Perennials are considered every garden’s mainstay. They are hardy, come back year after year and grow in different shapes and heights and widths, which gives your backyard a sense of depth and visual interest.
Many people invest in a nice set of perennials for their gardens, but mess up at some point through the planting process, or while supposedly maintaining the plant, and that is usually caused by the lack of information regarding the proper methods and technics to adopt when dealing with this type of plants.
When planning on planting a perennial, it’s important to note which portion to take special care of, so the plant can grow strong and healthy. The roots are key when it comes to long-term care, and since the plant grows from its roots, it’s only fair that you take care of them.
Before we dive into the technicalities of how to plant and grow your perennials, we need to first cover some basics such as: what are perennials? And how should you expect them to behave in your backyard?
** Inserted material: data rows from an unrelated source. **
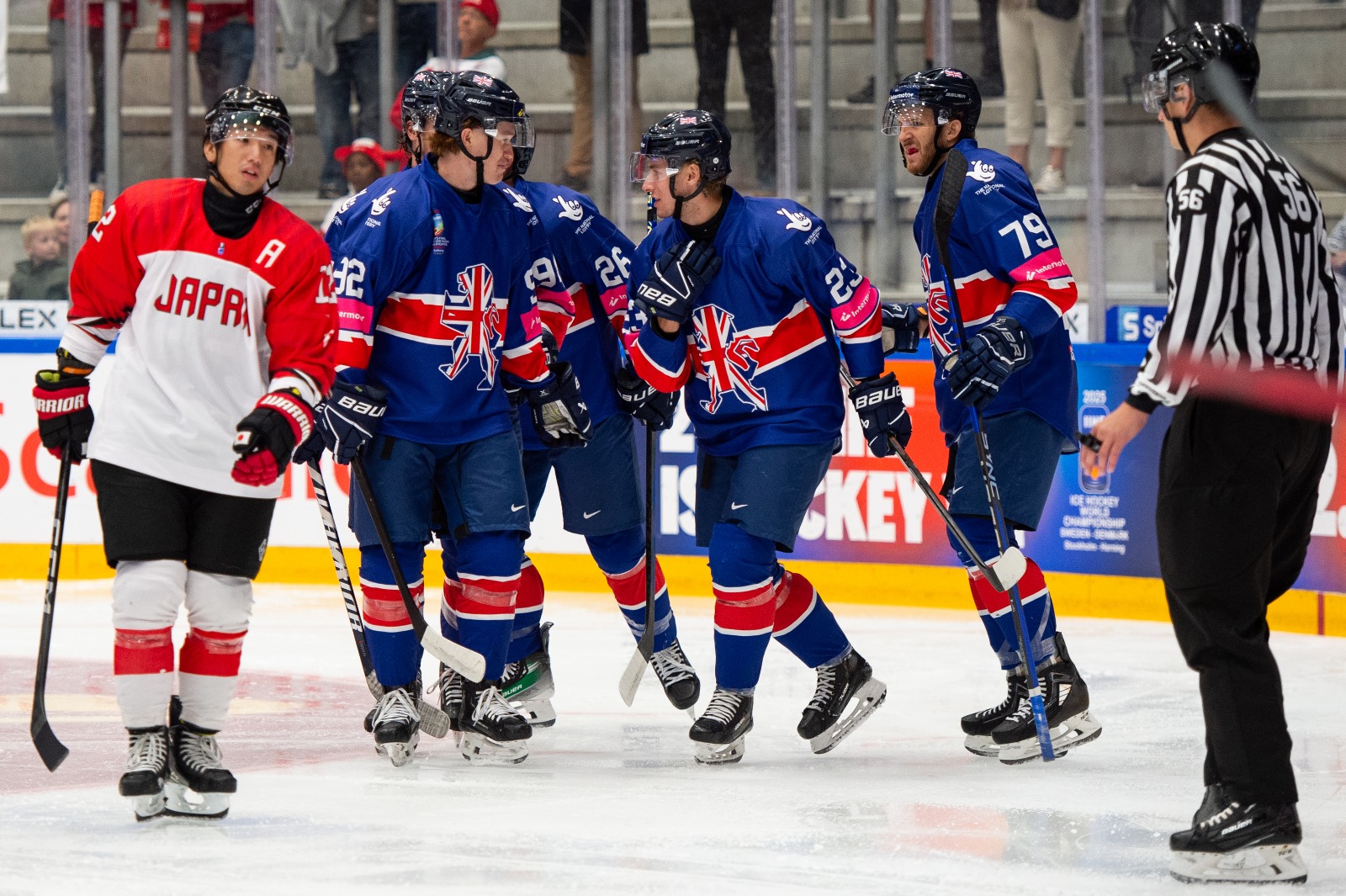 Great Britain celebrate their first goal against Japan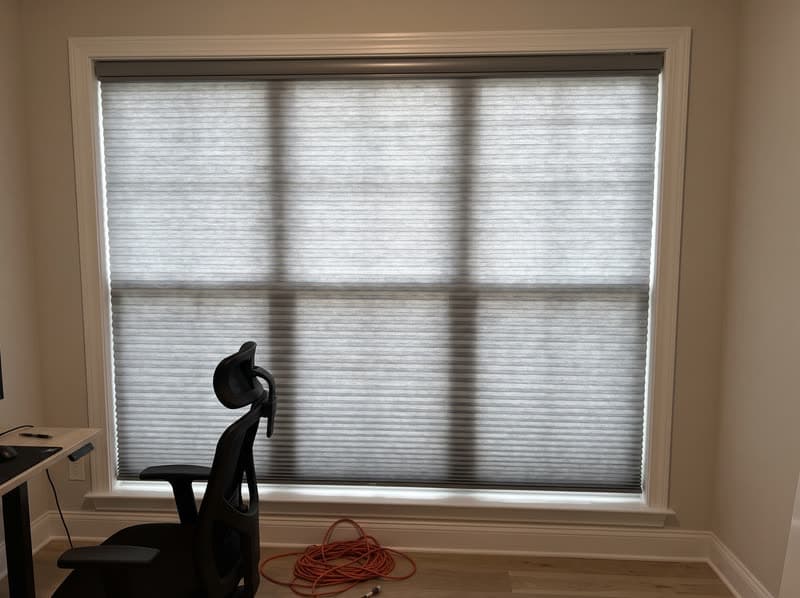 Slate blackout cellular shade fully lowered in a Lawrenceville home office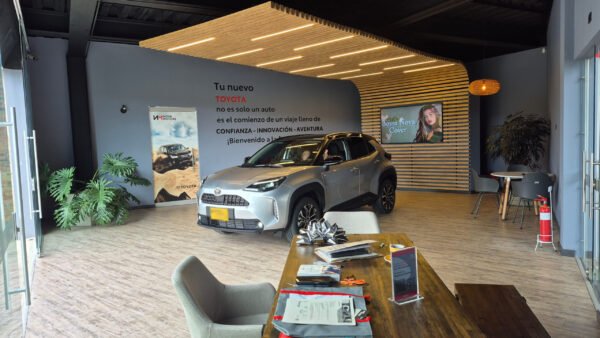 El diseño del showroom destaca por una paleta de grises neutros contrastada con el acabado cálido tipo madera del piso y la estructura curva del fondo. Esta última, hecha en listones de madera con iluminación cálida integrada, crea un punto focal elegante y natural. Las lámparas colgantes tejidas refuerzan el estilo acogedor y artesanal. La vegetación interior y la luz natural completan un ambiente moderno y atractivo.<a href="/toyota" class="btn-proyecto" target="_blank">Ver Proyecto</a> SALA DE ENTREGA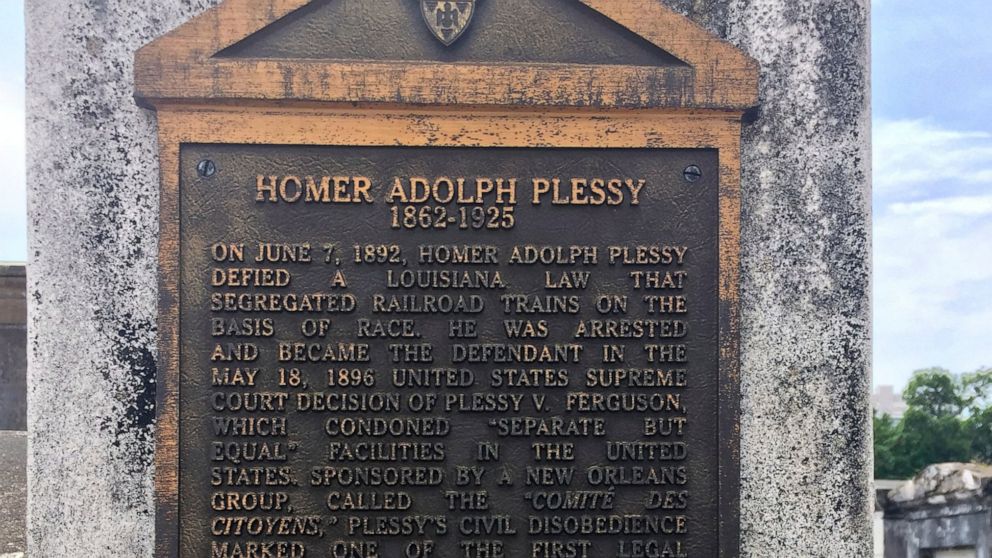 FILE - This June 3, 2018 photo shows a marker on the burial site for Homer Plessy at St. Louis No. 1 Cemetery in New Orleans. Homer Plessy, the namesake of the U.S. Supreme Court’s 1896 “separate but equal” ruling, is being considered for a posthumou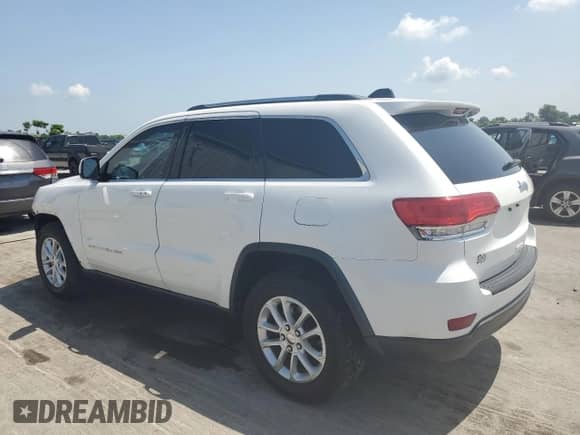 2014 Jeep Grand Cherokee Laredo with VIN 1C4RJEAGXEC157778, listed as a Copart auction lot 65999535 with 124,804 mi miles and Salvage title. Bid and sale history available at DreamBid. Image 2.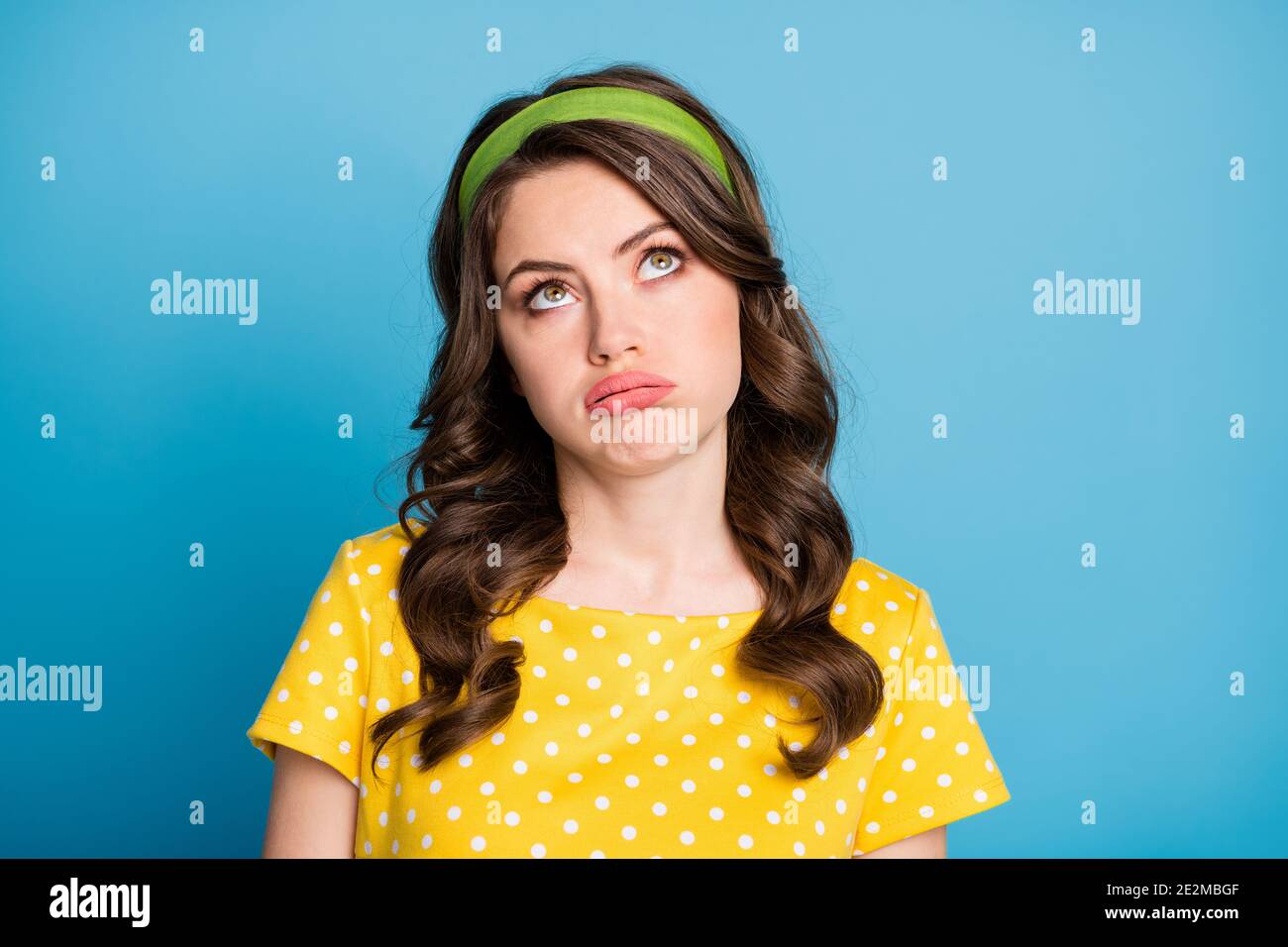 Photo of frustrated tired girl rolling eyes look copyspace sighing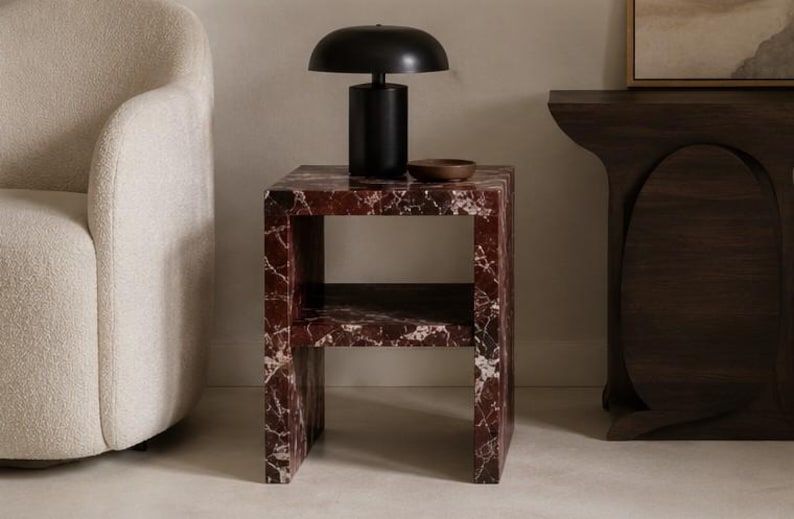 May include: A contemporary side table with a red marble effect and a black lamp. The table has a shelf and a small wooden bowl. The lamp has a rounded shade and a cylindrical base. The table is next to a cream armchair.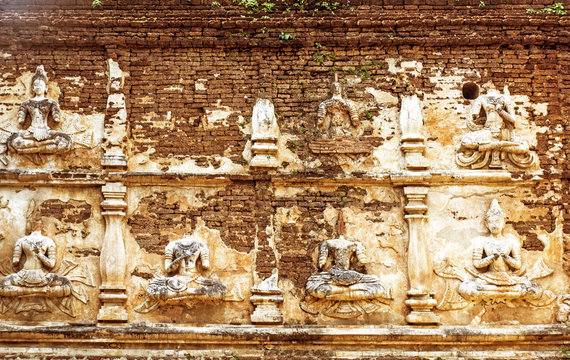 Buddhist sculpture on old wall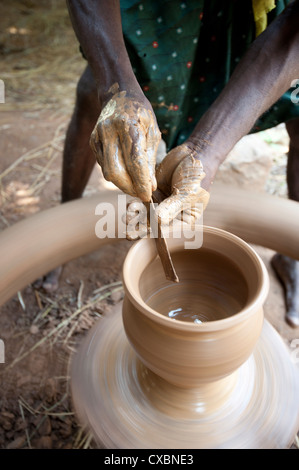 Mains de village en utilisant l'outil pour former potter pot en argile sur la roue tournante dans son village, près de l'atelier de Mirbel, Orissa, Inde Banque D'Images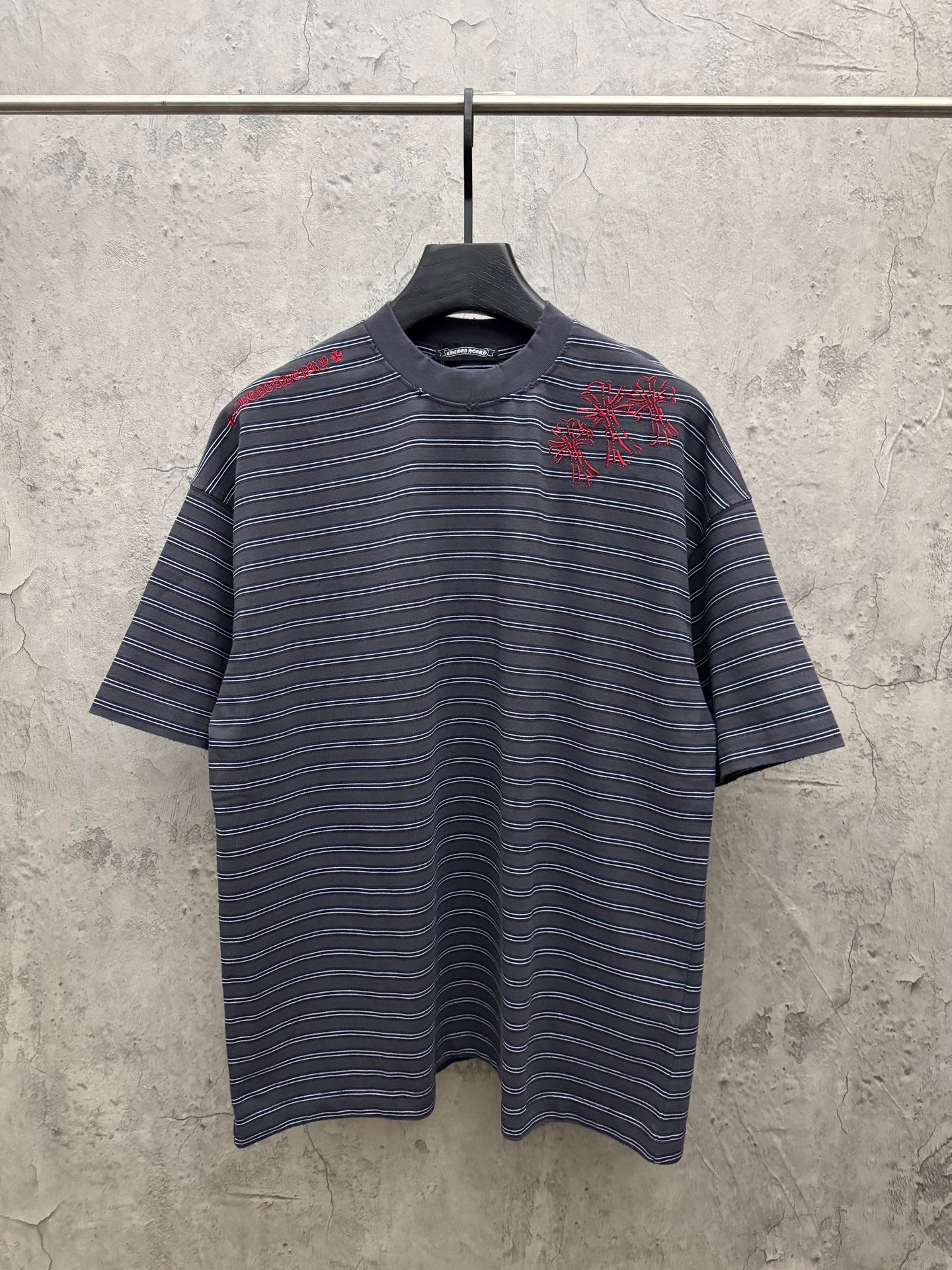 Navy short-sleeve striped crewneck shirt with red embroidered design at chest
Flowering Perennials definition & characteristics
Well, to begin with, perennials are a type of plants that have a span of life that exceeds two to three years. Once they are planted, they keep coming back year after year until they reach maturity, which varies from 3 to 5 years on average, depending on the plant.
In one season, they grow, bloom and go dormant. They should be trimmed in the fall so that they can start again in spring from the previous root system. Perennials more often than not reseed, and will expand over the years.
They generally bloom for a short time during the season (usually 2 to 6 weeks). If you want to get the best out of your perennials, plant them preferably in spring or fall, 8 to 6 weeks before the winter comes and the ground freezes.
Some the most famous examples of perennials are asters, tulips, echinacea, lilies and lavender.
Types of Flowering Perennials
Lastly, perennials can be divided into two main categories:
- Deciduous perennials, such as the examples mentioned above, which grow part of the year then fall dormant the rest of the season.
- And Evergreen perennials, such as pine trees, which grow throughout the year.
So, about that guide, here is what you need to know if you’re planning to grow perennials in your backyard.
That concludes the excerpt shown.